MEA dropped the case against the county earlier this month when the county provided the records — almost a year after the initial request was filed — and agreed to pay a little more than $6,000 in court costs and damages.
Asked in May 2019 for copies of 16 months worth of emails to and from County Executive Joe Parisi and his chief of staff pertaining to PFAS contamination at the Dane County Regional Airport, the county first provided unrelated documents and later said it could not locate records with multiple search terms or phrases such as “Air National Guard.”
MEA staff attorney Rob Lee said it should not have taken court action to obtain the records.
“We tried to obtain the records the right way and even wrote not one but two letters,” Lee said. “Unfortunately it took the extreme of filing a lawsuit to finally get the records.”
Records provided by MEA include emails to Parisi and Chief of Staff Josh Wescott from concerned citizens requesting a public meeting as well as questions from reporters about PFAS contamination at the airport.
There were no emails from Parisi and no response to the meeting requests.
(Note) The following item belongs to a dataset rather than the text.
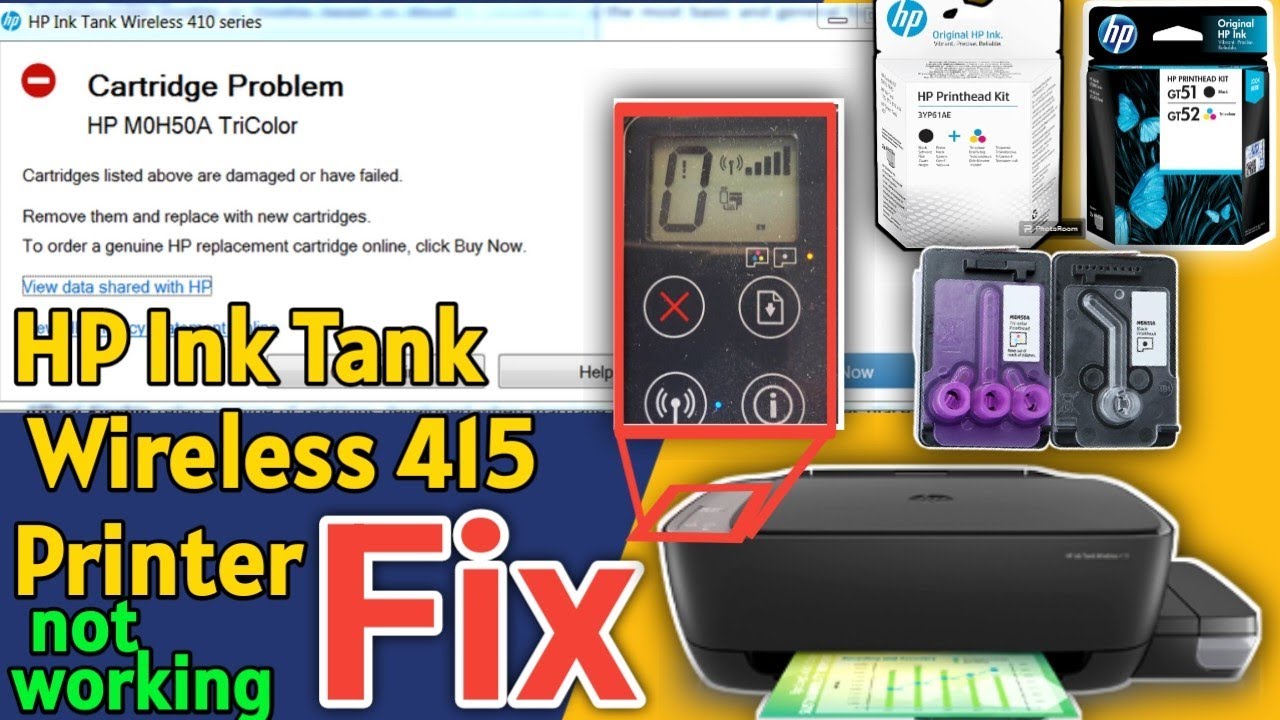 HP Ink Tank Wireless 415 Printer: How to Fix Printhead Cartridge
MEA also announced it had settled a separate case against the Madison Water Utility after the utility agreed to turn over PFAS-related records it had previously denied.
After an initial request in November, the water utility provided some records but withheld any emails containing “records of an ongoing investigation,” arguing that they could contain inaccurate or unreliable information that could confuse or mislead the public.
The utility had also refused to turn over emails from the National Guard and city officials, saying it was not the legal custodian of those records.
Both the county and water utility have come under increased scrutiny in recent years after the chemicals were found in the ground and stormwater at the airport and in 14 of Madison’s 23 wells, including one that was shut down as a precaution in March 2019.